The 4.8% increase in income reflects a rise from $4,232 to $4,437 in monthly earnings, including employer contribution to the Central Provident Fund. Unemployment rates also experienced a slight dip as of June this year compared to last year, and the latest data from the Ministry of Manpower (MOM) shows a greater share of young and old being employed this year. Evidence that the country’s labor market is on the rise as the economy continues to improve.
Incomes of workers are growing at a much faster rate in the last 5-years compared to the 5-years prior to this. Gross monthly income of residents in full-time jobs grew by 3.5% on average from 2013 to 2018, and this includes preliminary inflation figures being considered this year. The reflected improvements are in line with good economic growth, and the country’s economy is expected to continue to grow by 3% to 3.5% this year.
Full-Time Employees Saw Income Rise On Average by 4.2% A Year
Workers who earned a lower wage also saw a rise in their gross monthly income, which rose at a much faster rate than those at the median. These Singapore residents who find themselves in the 20th percentile of full-time jobs saw their incomes rise on average by 4.2% a year, jumping to $2,340 in 2018 alone.
With more of the younger generation taking on vacation jobs and paid internships, employment rates for those aged between 15 to 24-years this year rose to 35.5%, an increase from last year’s 34.1%. Those aged 65 and over also saw in increase to 26.8% from last year’s 25.8%, thanks to improved employability.

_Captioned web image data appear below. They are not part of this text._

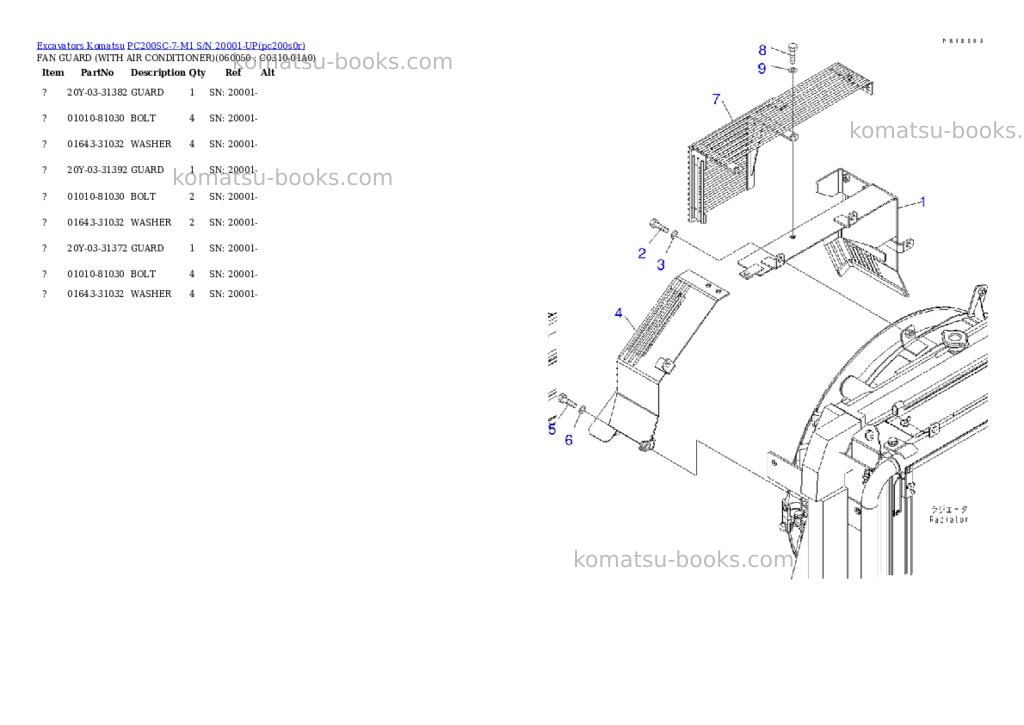 Komatsu pc200sc-7-m1 s/n 20001-up Parts catalog cover Page 8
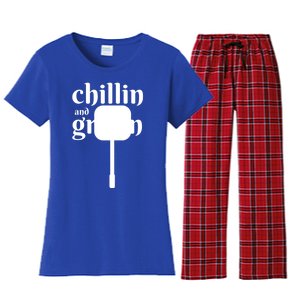 Summer Grilling Spatula Chillin And Grillin Gift Women's Flannel Pajama Set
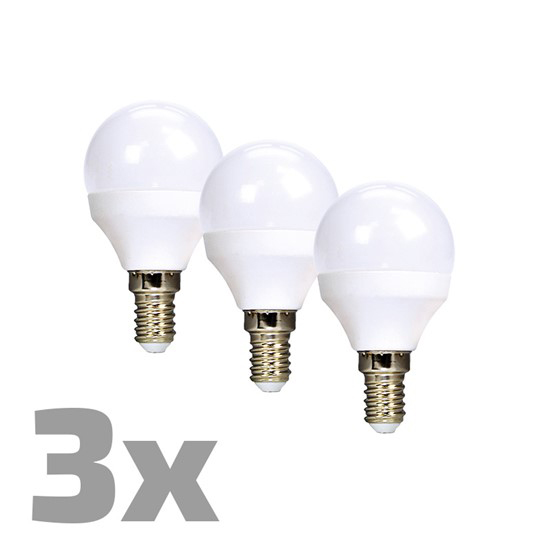 Žiarovka LED ECOLUX miniglobe, 6W, E14, 3000K, 450L, 3ks WZ433-3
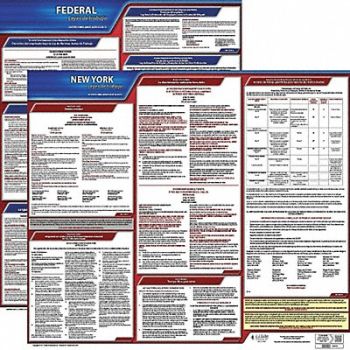 JJ KELLER Labor Law Poster Kit NY Spanish 27 in W, 29EC80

Unemployement Rates for PMETs Improved
For professionals, managers and executives, better known as the PMETs who currently make up 57% of the country’s resident workforce, unemployment rates improved, sitting at 2.9% as of June this year compared to 3% earlier this year. The PMETs who were in the 30-year to 50-year age group and unemployed, took much longer to find jobs.
Non-PMETs saw the rate drop to 4% from 4.5%. Singapore is also experiencing a much larger share of workers who were on contract jobs. For the second consecutive year, workers in permanent jobs was down to 89% this year from 90% last year. MOM explained that this was due to the ongoing economic restructuring, which prompted a lot of companies to adopt a more short-term outlook.

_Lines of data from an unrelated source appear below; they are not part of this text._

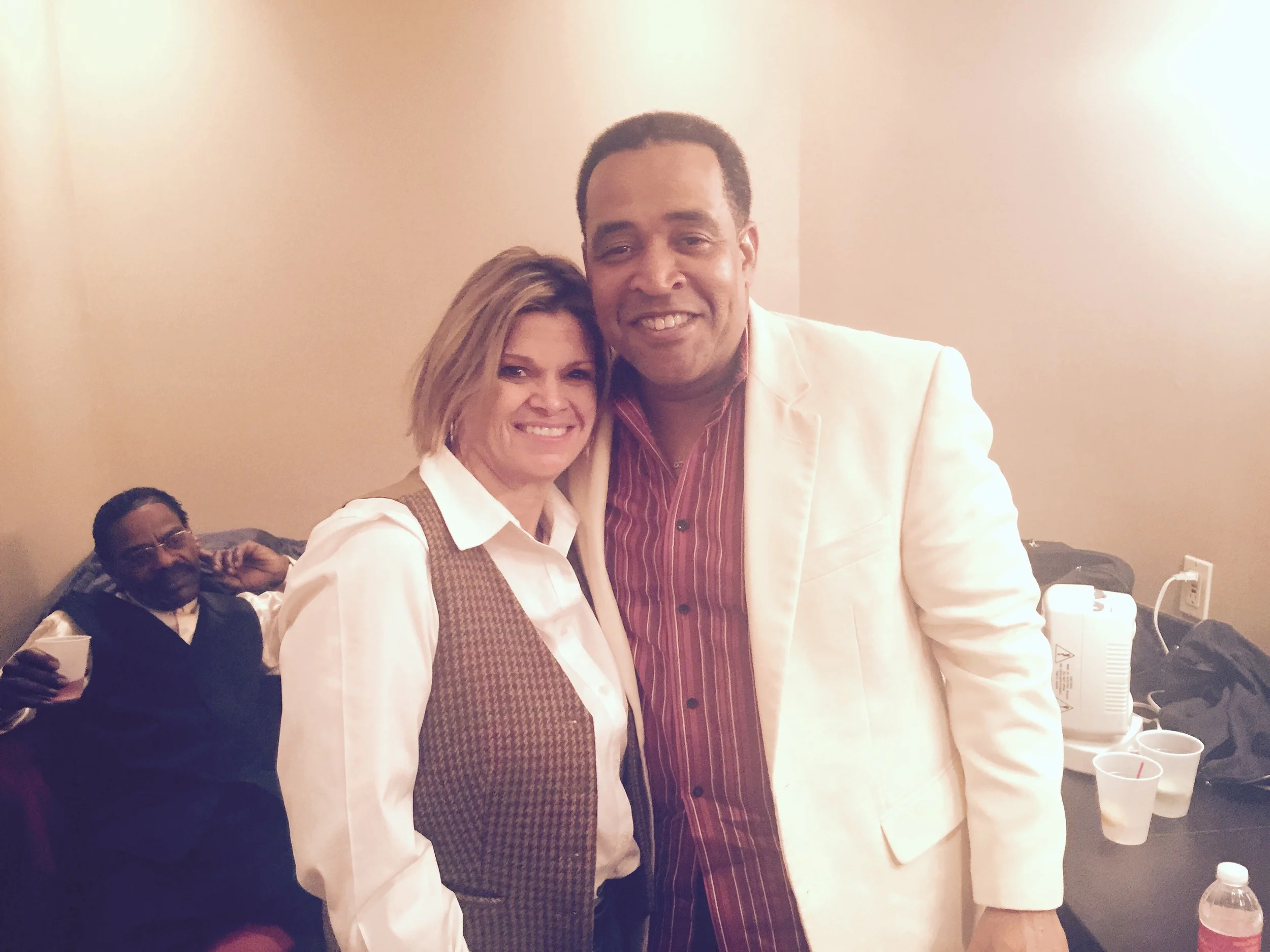 Eddie with Linda Broome, Executive Director of King Biscuit Blues Festival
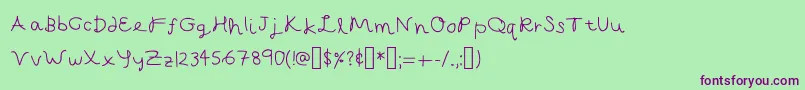 フォントCapellaCalligraphy – 緑の背景に紫のフォント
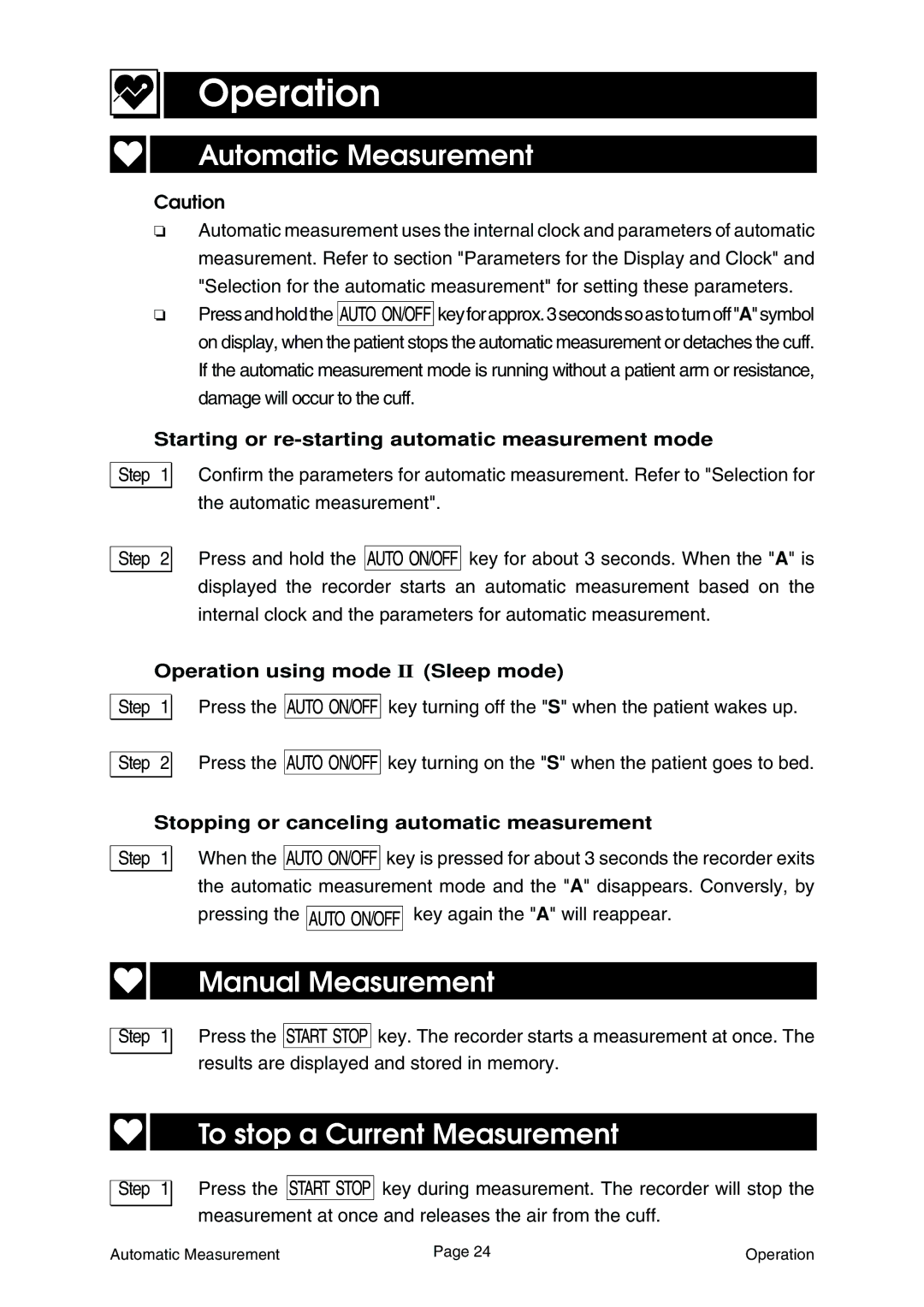 A&D Ambulatory Blood Pressure Monitor Operation, Automatic Measurement, Manual Measurement, To stop a Current Measurement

Those who were in the 25 to 64-year age group however, experienced an employment rate drop to 80.3% from 80.7% as more women in their 30s opted out of the labor workforce to care for their families instead. However, economists are not confident that this growth rate can continue into next year, as the growth is expected to moderate.
MOM is working with stakeholders to address the job-skills mismatch situation, and enable more older workers to find jobs as well as help other Singaporeans find good careers. Singapore has an aging population and a slow population growth, which could moderate the growth of supply of resident workers.